So, finally I booted the floppy and went through the QNX installation. I actually had to do this twice, because the first time I couldn't figure out how to delete all the Linux partitions to make the entire hard drive a QNX partition. But I eventually had a bootable QNX box.
The last problem was getting a working network interface. The machine (which I inherited from a recently departed colleague) had both built-in Ethernet on the motherboard and a PCI Ethernet card. I tried configuring both interfaces for DHCP and plugging both into my switch, but neither card was able to retrieve an IP address. I won't bore anyone with the details (assuming they are not thoroughly bored already), but I eventually figured out that there was no driver for the card, and removing it let the built-in Ethernet port start working. I had to give it a static IP address at first, but eventually got it doing DHCP by ignoring the nice network-configuration GUI and instead using "dhcp.client -h mymachine -i en0 &".

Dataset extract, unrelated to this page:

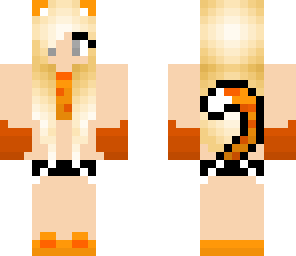 orange cat girl with gloves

So it wasn't impossible, but this illustrates one of the reasons Windows is going to remain popular. I've heard people with horror stories about Windows installs, but every one I've done has been basically (a) boot with the CD, (b) follow the onscreen instructions, (c) OK, everything works. Sure, QNX is not a "consumer" operating system, and a lot of my problems were related to having ancient hardware, but still, I think it should have been easier.